Web page caption snippets
---*---

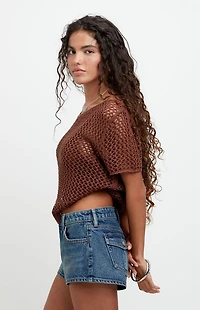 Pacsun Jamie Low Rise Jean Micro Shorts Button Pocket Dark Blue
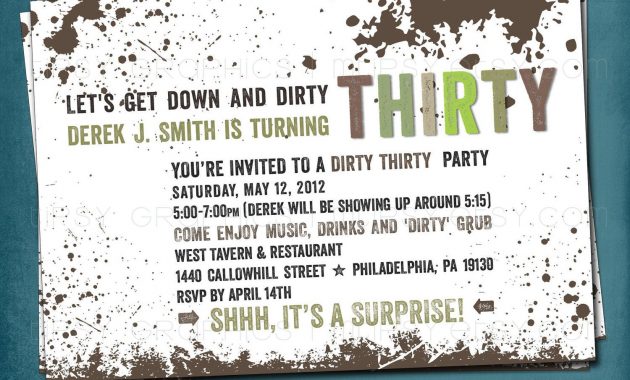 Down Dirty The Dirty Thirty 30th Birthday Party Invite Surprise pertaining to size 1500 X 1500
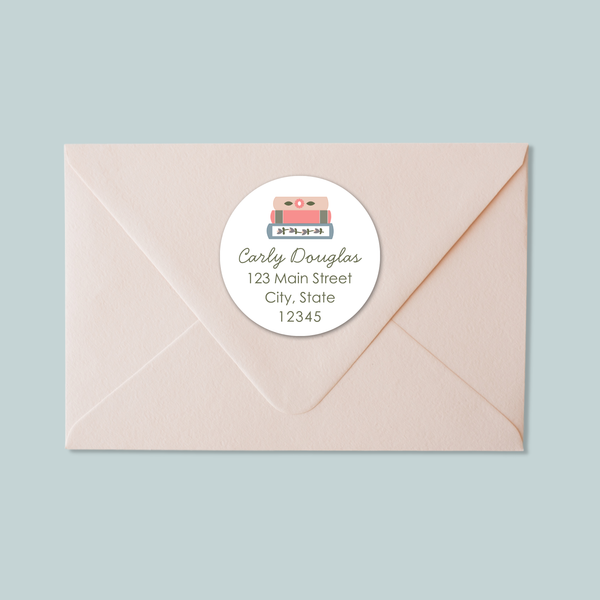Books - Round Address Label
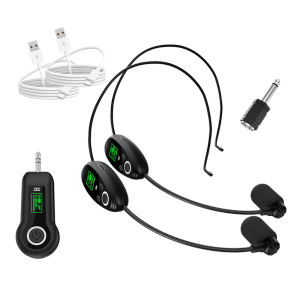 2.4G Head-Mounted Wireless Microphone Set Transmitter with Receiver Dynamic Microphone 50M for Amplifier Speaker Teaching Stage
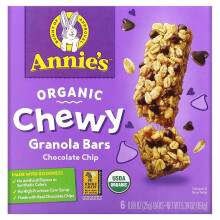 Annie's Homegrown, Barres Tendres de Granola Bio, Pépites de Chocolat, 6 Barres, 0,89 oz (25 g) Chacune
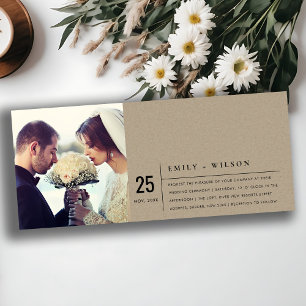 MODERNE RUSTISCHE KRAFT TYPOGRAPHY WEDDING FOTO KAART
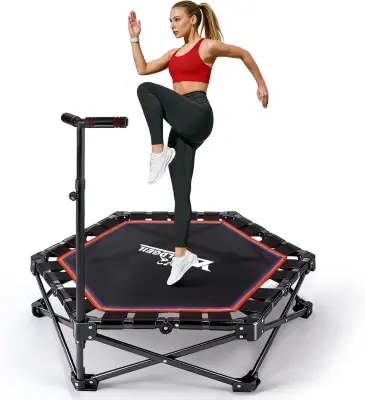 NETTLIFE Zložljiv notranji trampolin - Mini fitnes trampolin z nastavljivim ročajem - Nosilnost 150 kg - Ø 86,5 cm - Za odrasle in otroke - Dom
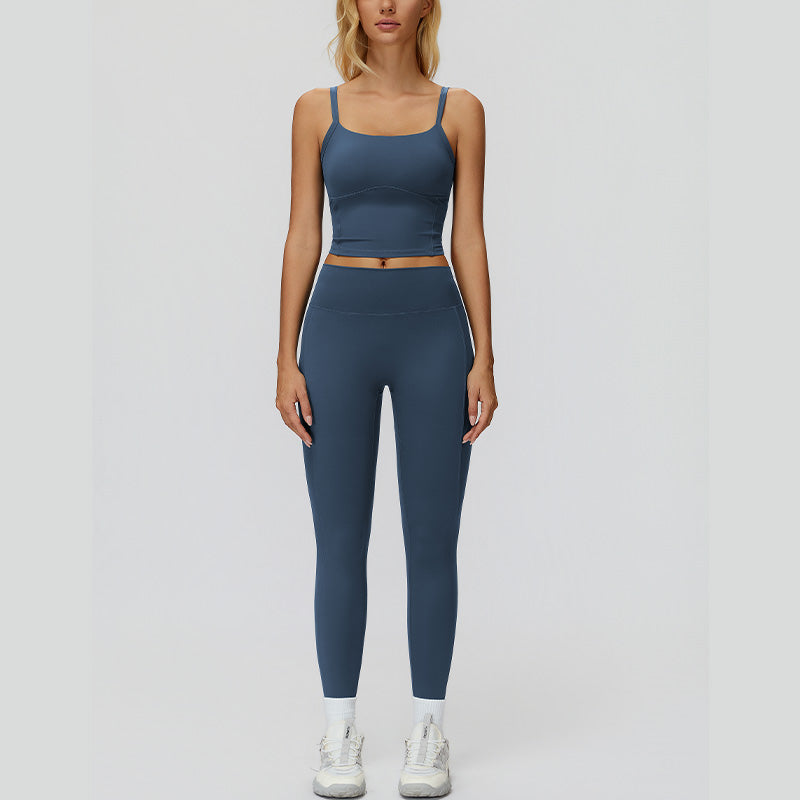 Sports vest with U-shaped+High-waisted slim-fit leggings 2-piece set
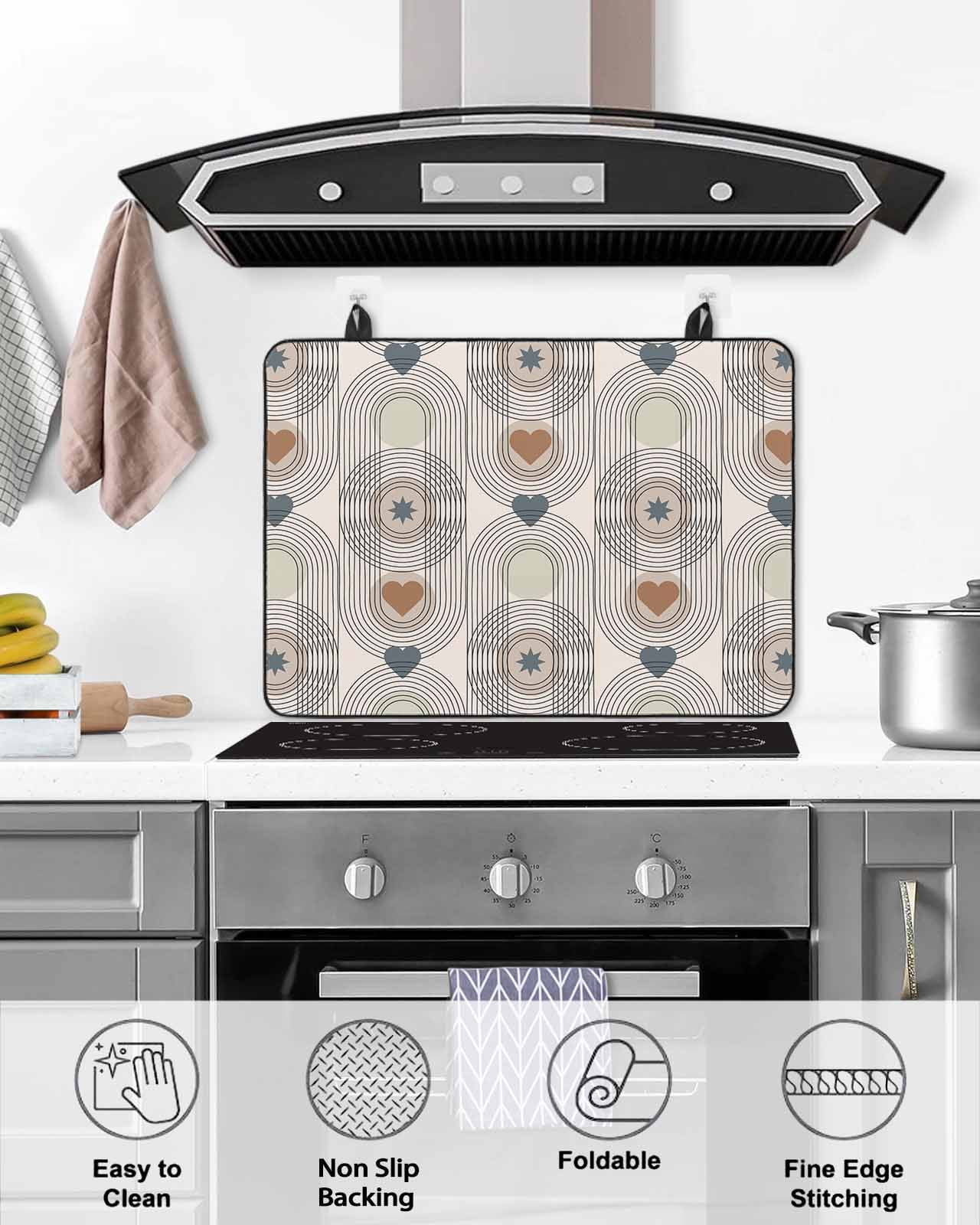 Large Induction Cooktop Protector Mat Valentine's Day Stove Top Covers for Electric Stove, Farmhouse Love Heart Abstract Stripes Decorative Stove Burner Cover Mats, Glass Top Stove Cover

---*---

* [Work task] Restate word for word the lines starting at the one that contains "2.4G Head-Mounted Wireless" and ending at the last line of the data. Skip every picture.

* [Task output]
 2.4G Head-Mounted Wireless Microphone Set Transmitter with Receiver Dynamic Microphone 50M for Amplifier Speaker Teaching Stage
 Annie's Homegrown, Barres Tendres de Granola Bio, Pépites de Chocolat, 6 Barres, 0,89 oz (25 g) Chacune
 MODERNE RUSTISCHE KRAFT TYPOGRAPHY WEDDING FOTO KAART
 NETTLIFE Zložljiv notranji trampolin - Mini fitnes trampolin z nastavljivim ročajem - Nosilnost 150 kg - Ø 86,5 cm - Za odrasle in otroke - Dom
 Sports vest with U-shaped+High-waisted slim-fit leggings 2-piece set
 Large Induction Cooktop Protector Mat Valentine's Day Stove Top Covers for Electric Stove, Farmhouse Love Heart Abstract Stripes Decorative Stove Burner Cover Mats, Glass Top Stove Cover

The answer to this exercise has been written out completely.